After seeing Winton post about the new Destroy All Art on Facebook, I shot him a random note and got some info from him. (Note: NO, I did not know he was a fan of my band. I am not trying to add in a plug for my old band, just some good ol’ serendipity here.) So what got him into such salacious sounds in the first place?
“Funny enough,” Winton says, “my sophomore year of high school (1994/5) was the first time I heard New Bomb Turks. I knew a kid who was really into Unwound and indie stuff, but one day he showed up with a tape that had your Drunk on Cock EP on it. To this day, I have no idea where he got that or why. He never listened to anything like that before. He let me listen, and I was blown away. We never had a record store here in town that carried a lot of punk records, so I mainly counted on mail order or bands that came through town bringing distribution boxes full of shit I’d never heard before. Or the bands would suggest other bands. Not too long after that, a buddy who lived near L.A. got me a copy of Teengenerate’s Get Action, and that album was a game changer for me. I’d never heard anything like that.

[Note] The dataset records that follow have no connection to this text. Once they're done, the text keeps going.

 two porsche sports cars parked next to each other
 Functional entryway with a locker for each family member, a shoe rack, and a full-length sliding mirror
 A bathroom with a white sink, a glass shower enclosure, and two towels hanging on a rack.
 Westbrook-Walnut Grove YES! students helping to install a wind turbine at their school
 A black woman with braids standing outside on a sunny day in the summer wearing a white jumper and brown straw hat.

“After I graduated, I moved to Oakland and that’s where I really started to dig through the used boxes at Amoeba and Rasputin’s. I would pick out records I thought may be cool based on their name or record sleeve – most of the time without a clue as to what they sounded like. They were usually like 75 cents or a dollar, so I never felt I was losing big on the gambles. I’m still that way, and some of the songs on volume 2 were blind buys from the last few years. But out of all the bands on both compilations, I only saw two of them live.”

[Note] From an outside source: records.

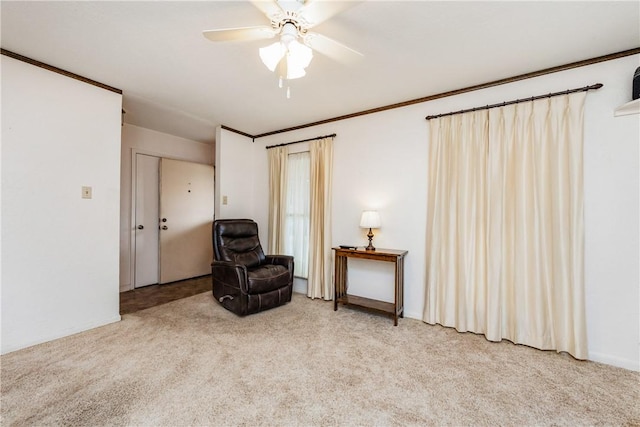 living area featuring light colored carpet, crown molding, and a ceiling fan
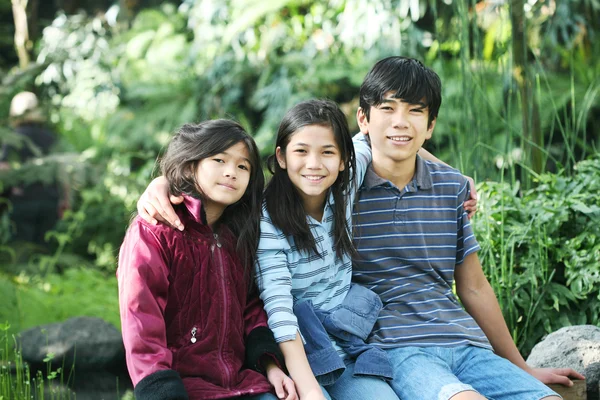 Drie kinderen zitten buiten — Stockfoto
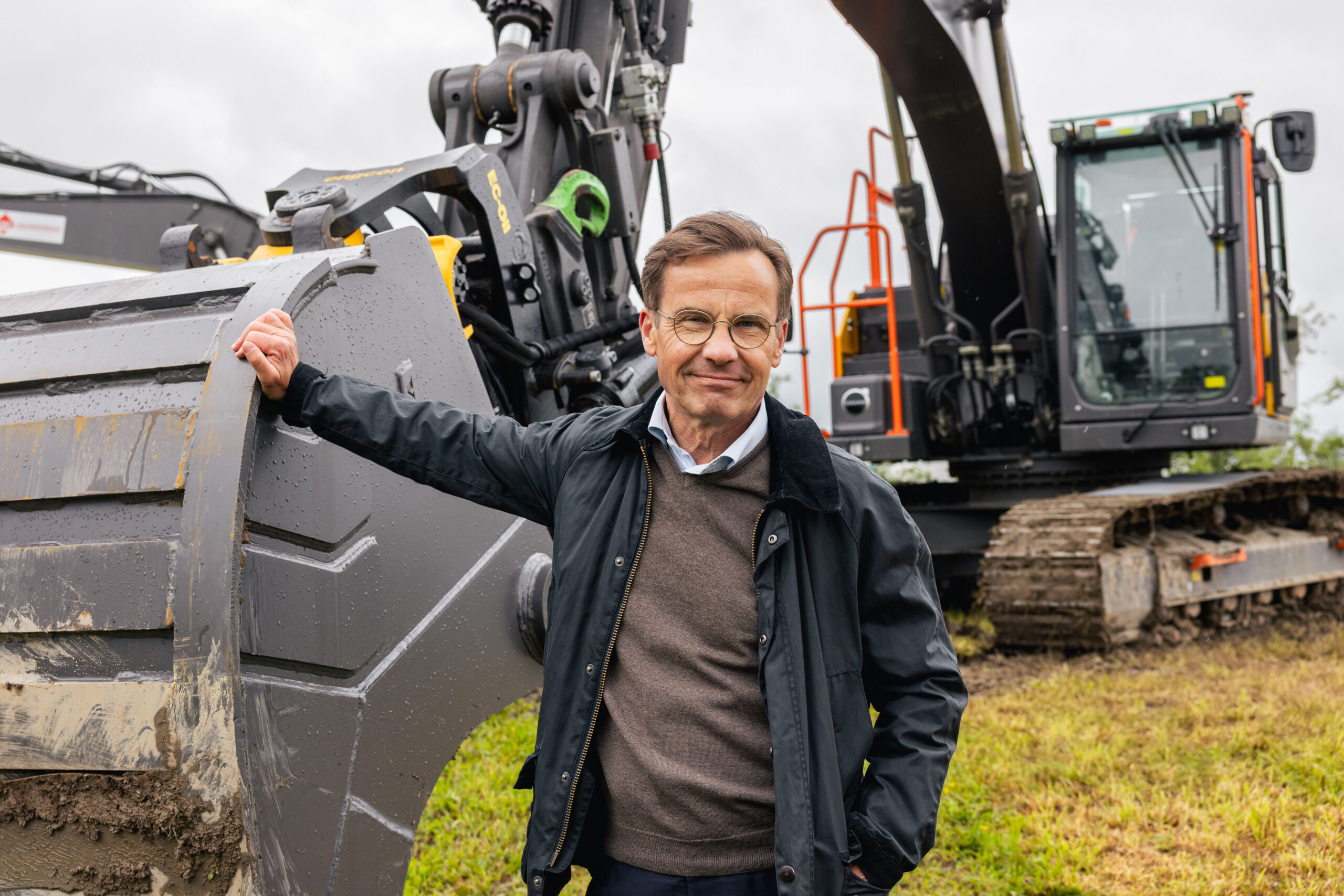 Sveriges statsminister Ulf Kristersson foran den elektriske beltegraveren Volvo EC230 Electric, som er blant gravemaskinene som skal produseres ved den nye fabrikken i Eskilstuna. (Foto: Volvo CE)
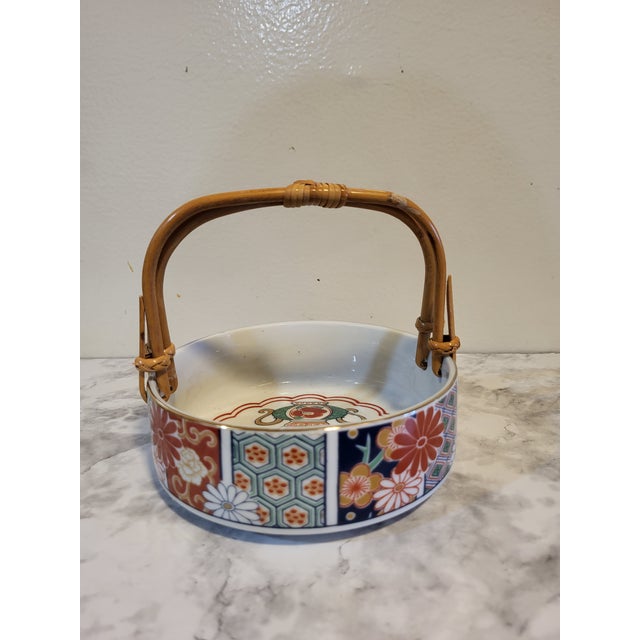 Arita Imari porcelain bowl displays frames alternating panels of floral motifs in iron red, cobalt, and gilt. Each hand-...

Once again, the tracks mostly arise from the second half of the decade, with only two from 1994 and a 1990 trashy slapper, “Nerd Punk” by The Fabulous Organ Donors, that could pass for old Killed By Death tracks. As per such comps, fidelity goes back and forth from lo-fi to crap-fi to some-fi. But Winton has done a fine EQ-ing job on this, not always a hallmark of these kinds of collections. And his pal, Ryan Wells, is back for liner note duty, adding requisite sturm und drang.

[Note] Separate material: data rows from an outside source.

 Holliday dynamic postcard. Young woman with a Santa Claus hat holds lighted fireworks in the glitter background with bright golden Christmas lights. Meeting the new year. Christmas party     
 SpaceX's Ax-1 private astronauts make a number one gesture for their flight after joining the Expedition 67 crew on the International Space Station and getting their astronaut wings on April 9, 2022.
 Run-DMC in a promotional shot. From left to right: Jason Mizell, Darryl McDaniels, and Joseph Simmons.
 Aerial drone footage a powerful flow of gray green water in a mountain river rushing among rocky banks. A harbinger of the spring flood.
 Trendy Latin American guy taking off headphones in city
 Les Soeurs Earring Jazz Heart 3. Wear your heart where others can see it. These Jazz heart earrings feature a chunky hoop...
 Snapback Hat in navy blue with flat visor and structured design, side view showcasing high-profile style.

“His style,” Winston explains, “in true KBD liner notes tradition, is snarky yet entertaining and informative. I also think they give some explanation as to why these records are important and why they’re on the comp to begin with.”
Much of the initial importance and plain enjoyment of the early Killed By Death comps was the extreme perversities and hilarities of the lyrics, the kind of foul, confused, teen-aggravated enormity that made you think, “Damn, and there were people who thought ‘Pretty Vacant’ and ‘Beat on the Brat’ were rude?!” That element is kind of missing in the Destroy All Art series. There’s a nervous humor that arises from the sheer frantic energy on display; and definitely some bizarro lyrics. But these latter-day garage trash bands, digging deep into original punk’s noisiest depths, were on a sort of serious mission – musicologists in thrift store T-shirts with whippets in hand, instead of suitcoats and field recorders. And they were probably beyond annoyed at the rise of mopey grunge and navel-gazing indie rock that arose around them, when they grew up thinking the world should love the Devil Dogs and Oblivians.
It’s harder to tell what the world loves or thinks is influential when artistic influence gains weight over time. The society around it, however, weighs influence by new over old. In 2018, an “influencer” is someone who has gained a surprising amount of followers on their YouTube channel in the last year. And ain’t no major label reissuing a YouTube channel anytime soon.